“Suriye’de döşenmiş mayınlar” ikrarı
“Suriye PKK’sı” PYD/YPG elebaşlarının önce “çağrıya uyuyoruz” deyip ardından defalarca “silâh bırakma ve fesih çağrısı’ bizi bağlamıyor; Apo bizden silâh bırakmayı istemiş değil, tüm bölgelerde bölgesel özerklik” restini çekerek peşinen “silâh bırakmaya ve tasfiye”ye yanaşmaları, dahası yerlerini tahkim etmeleri gerçeği ortaya koyuyor.

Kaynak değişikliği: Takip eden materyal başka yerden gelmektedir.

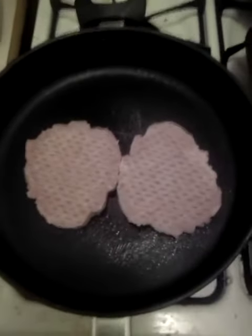We have two hamburger patties here in a pan. We have tater tots in the baking dish, as you can see.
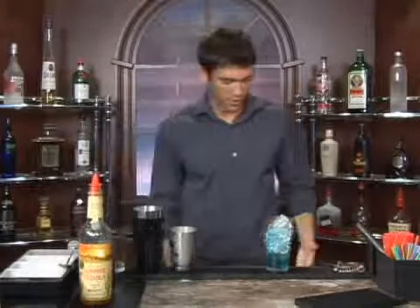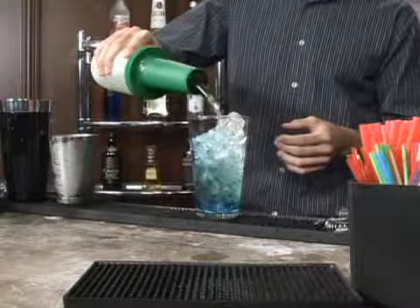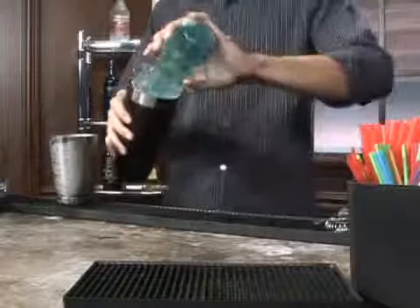Fill it up with sour mix. Now take your shaker, give it a couple of shakes, just enough to mix it up.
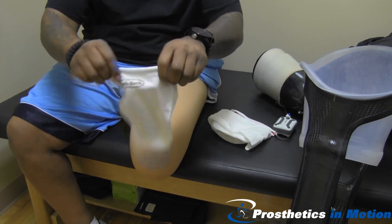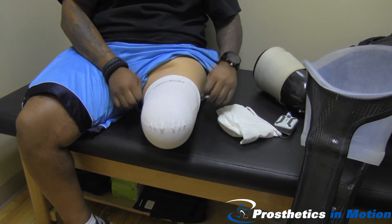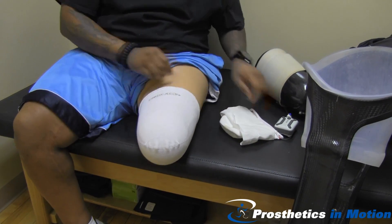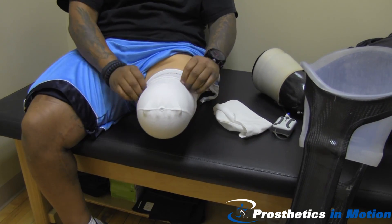His residual limb has decreased in size just a bit, so he's able to put some socks on. Then he'll put a sheath, and we'll watch him don the first part of the prosthesis.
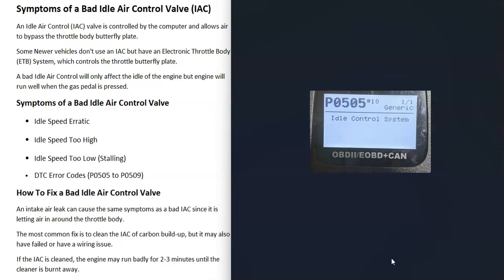Another symptom is that you're going to get error codes. The check engine light might come on, and you'll get an error code between P0505 and P0509. For example, if you use a scan tool and you scan the vehicle's computer and you get a P0505 code — idle control system — then there's an issue with that idle air control valve.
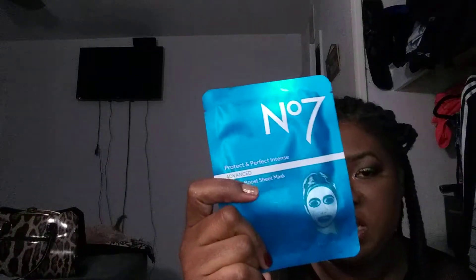Going into fall — it's cooling back off and our skin is starting to experience the effects of the season change. So I went back in with some more masks for the season change. This is the No. 7 mask — it's an advanced one and this is a serum boost sheet mask. It's only one but it's for refreshing the skin going into the next season.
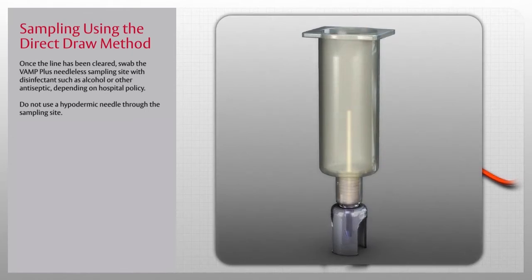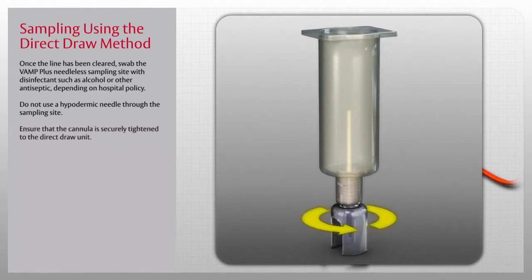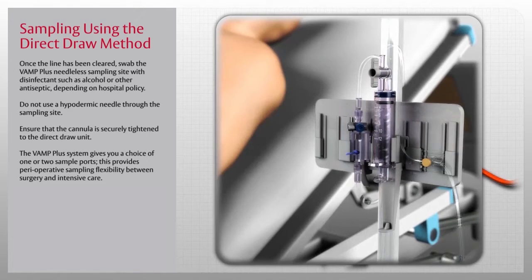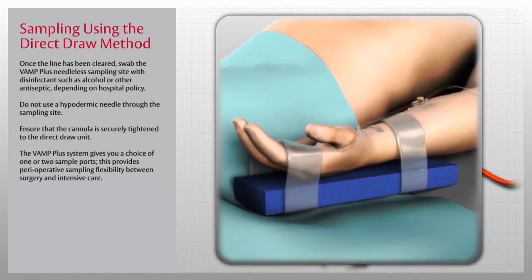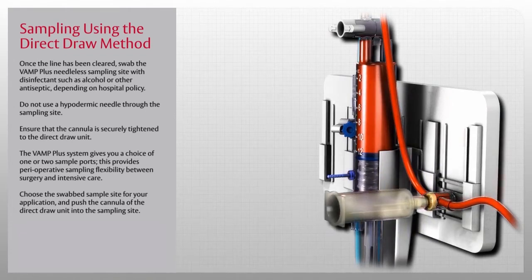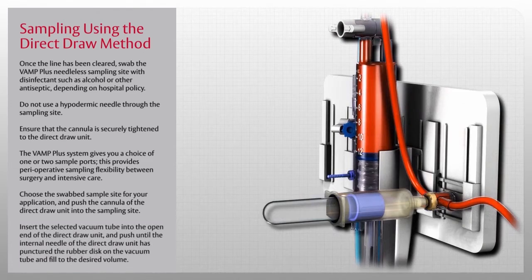To draw a blood sample, use the VAMP direct draw unit. Do not use a hypodermic needle through the sampling site. Using aseptic technique, peel open the pouch of the direct draw unit and ensure the cannula is securely tightened. The VAMP Plus system gives you a choice of one or two sample ports, providing perioperative sampling flexibility between surgery and intensive care. For example, an anesthesiologist may choose the sample site nearer to the disposable pressure transducer and reservoir, whereas an ICU nurse may choose the site nearer to the patient. Push the cannula of the direct draw unit into the swabbed sampling site, insert the selected vacuum tube into the open end, and push until the internal needle has punctured the rubber disc on the vacuum tube. Fill to the desired volume and repeat as required for additional tubes.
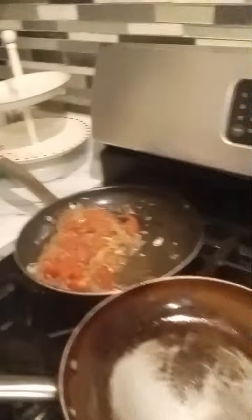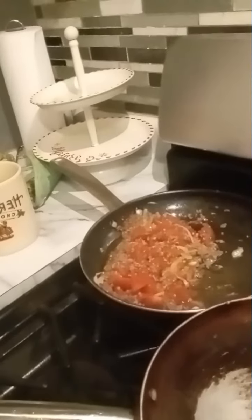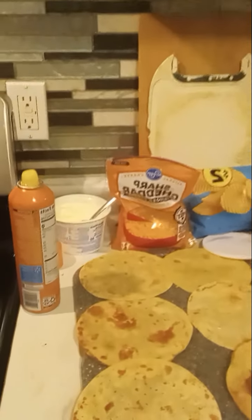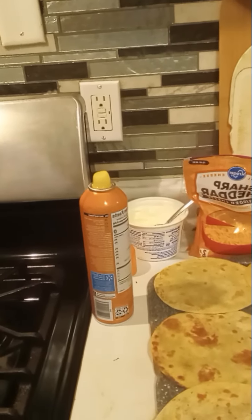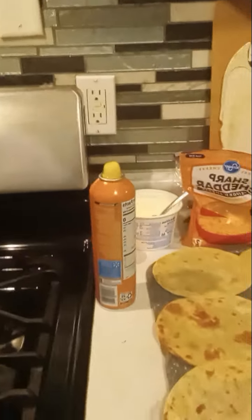We are done frying up all the tortillas. We're going to add the ground beef into the tortillas, and we're going to add the sharp cheddar, sour cream, and the salsa into it. Let's go.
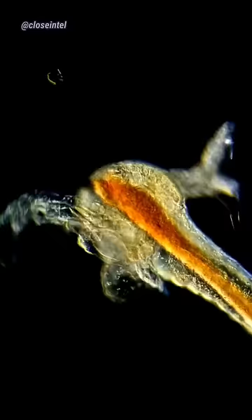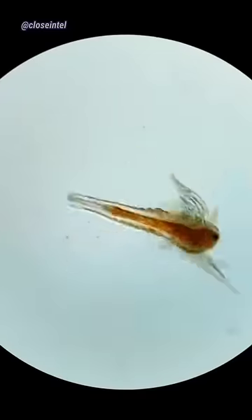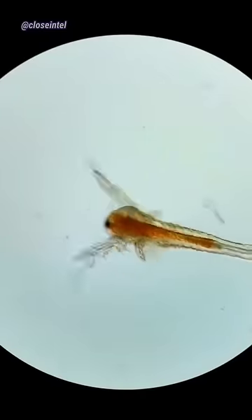They're only born with one eye but it later becomes two when they reach maturity. They're also attracted to light, so finding them in the tank won't be hard if you have a flashlight.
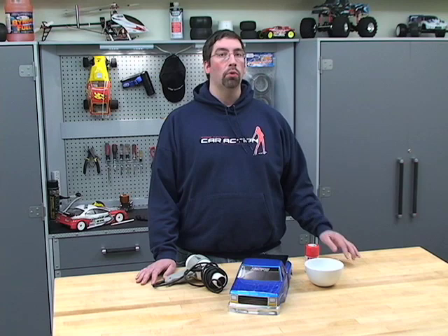Hi, welcome to RCNet. I'm Matt Higgins. Today I'm going to show you two household items that will make painting easier and allow you to get better results.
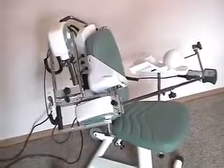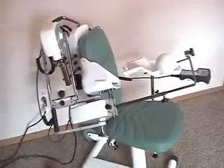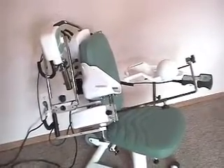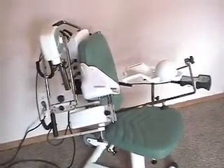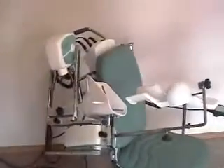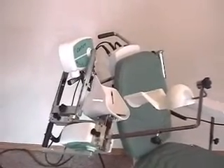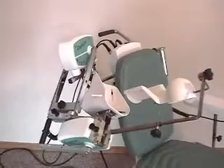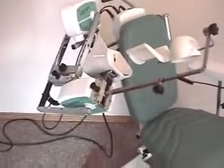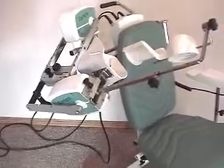Here we have the ab and adduction with associated rotation splint setup. In this case we are only doing ab and adduction at the moment. Only the first motor, M1, has any motion going on. M2 is simply along for the ride — there is no rotation occurring.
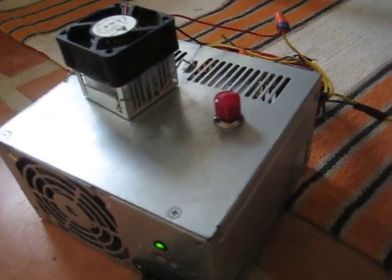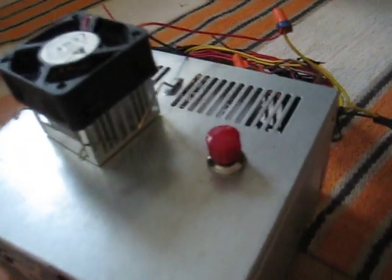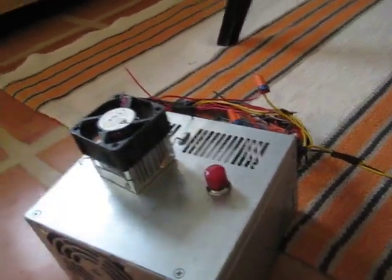Alrighty, this is part 3. I have installed a button. As you can see, it's plugged in. There's power. It's not running. And it runs.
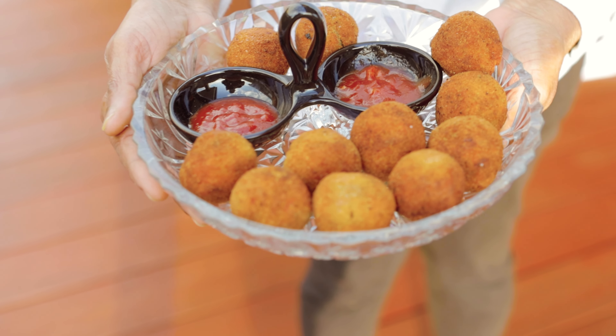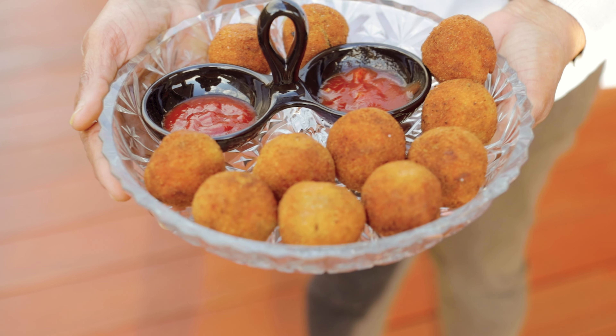Let's make my favorite Sri Lankan snack, the spicy fish cutlet. Chop up all of the ingredients finely, yes even the potatoes, and sauté them.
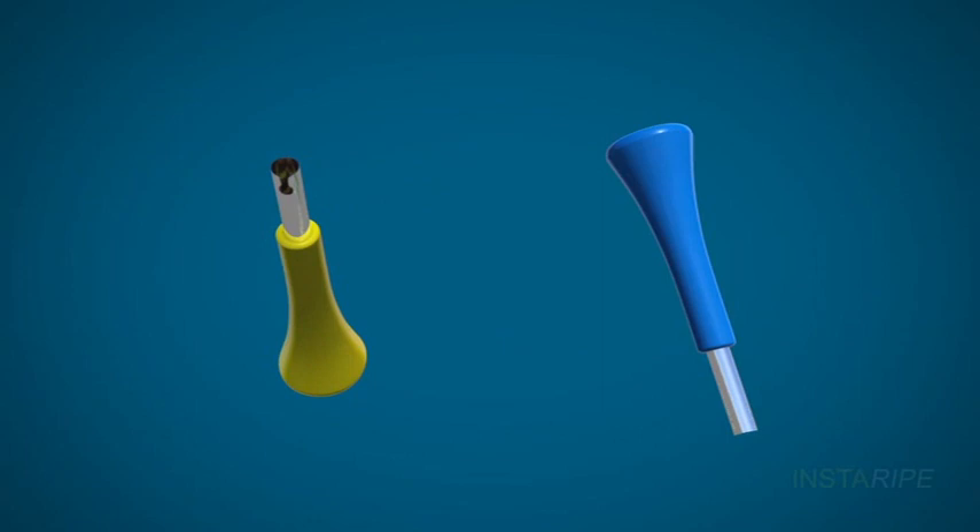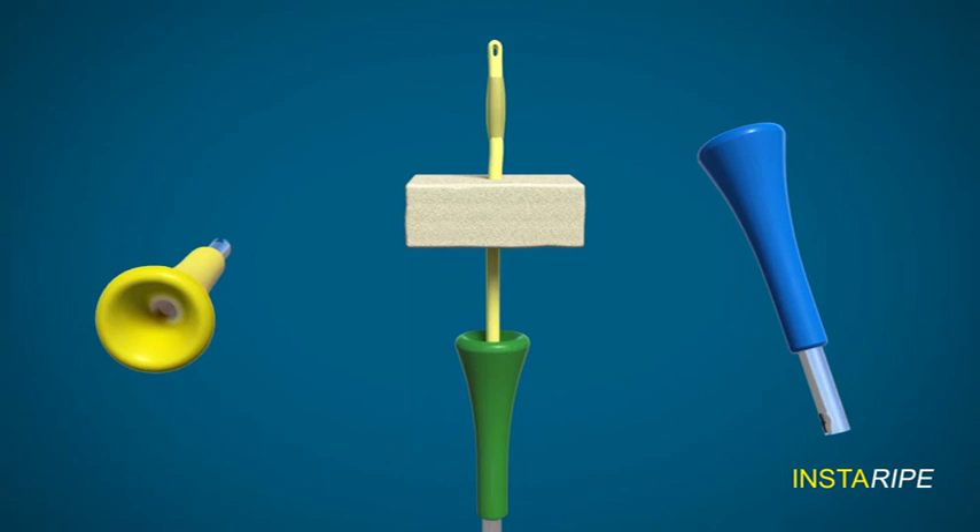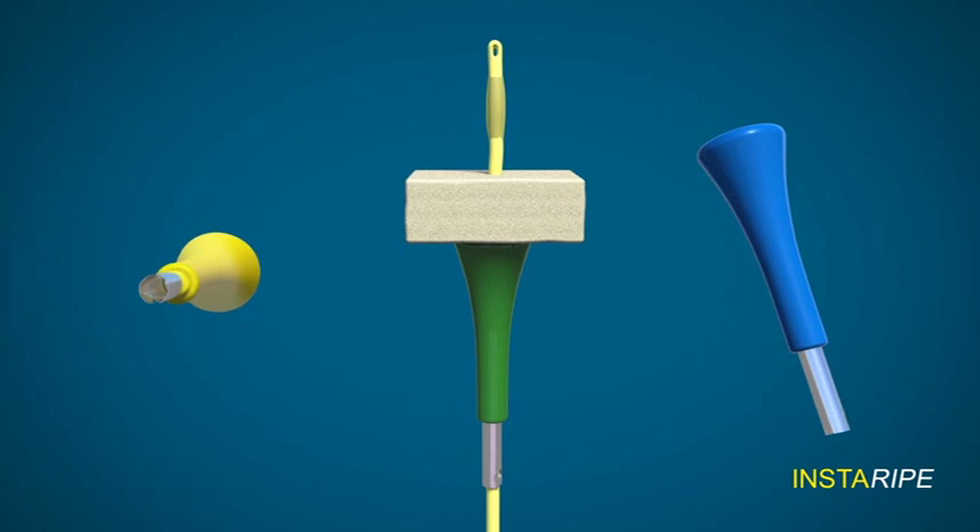This is the soft, silicone, autoclavable and reusable cervical ripening device invented by me. The Foley's catheter is first introduced through this device and then into the extra amniotic space through the cervical canal, and the bulb is inflated.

Suriye hükûmeti geçici Başkanı Heyet Tahriş’üş Şam örgütü (HTŞ) ile yaptıkları “protokol”de PYD/YPG’nin kontrol ettiği alanda görev yapacağı, emir-komutasının Şam’a değil, kendilerinde olduğu” şartlarını tekrarlamalarına karşılık, Ankara’dakilerin baştan beri şart koştukları örgütün “silâh bırakması ve tasfiye”den tek kelime bahsetmemeleri vaziyeti ele veriyor.
ABD’NİN YÜRÜTTÜĞÜ “İSRAİL GİZLİ PROJESİ”
Belli ki Ortadoğu’yu cetvellerle taksimle aralarında bölüştüren, Osmanlı’yı paylaştıran ecnebî işgalcilerin, İngiliz-Fransız mamulü Sykes-Picot versiyonu, “gaddarâne Sevr muahedesi” günceli BOP’la, maşaları terör örgütleri üzerinden yeni bir “tefrika kumpası” kuruluyor.
Bu kumpasla 2011’de Batılı emperyal mihrakların dünyanın dört bir yanından devşirdiği militanlarının önemli bir kısmını Türkiye üzerinden Suriye’ye yığdığı taşeronları radikal terör örgütleri vasıtasıyla ateşleyip alevlendirdikleri iç savaş fitnesinde hegemonyalarının yanısıra bölge ülkelerini İsrail’e karşı dilimleyip ifna etme stratejisi devreye sokulmuş.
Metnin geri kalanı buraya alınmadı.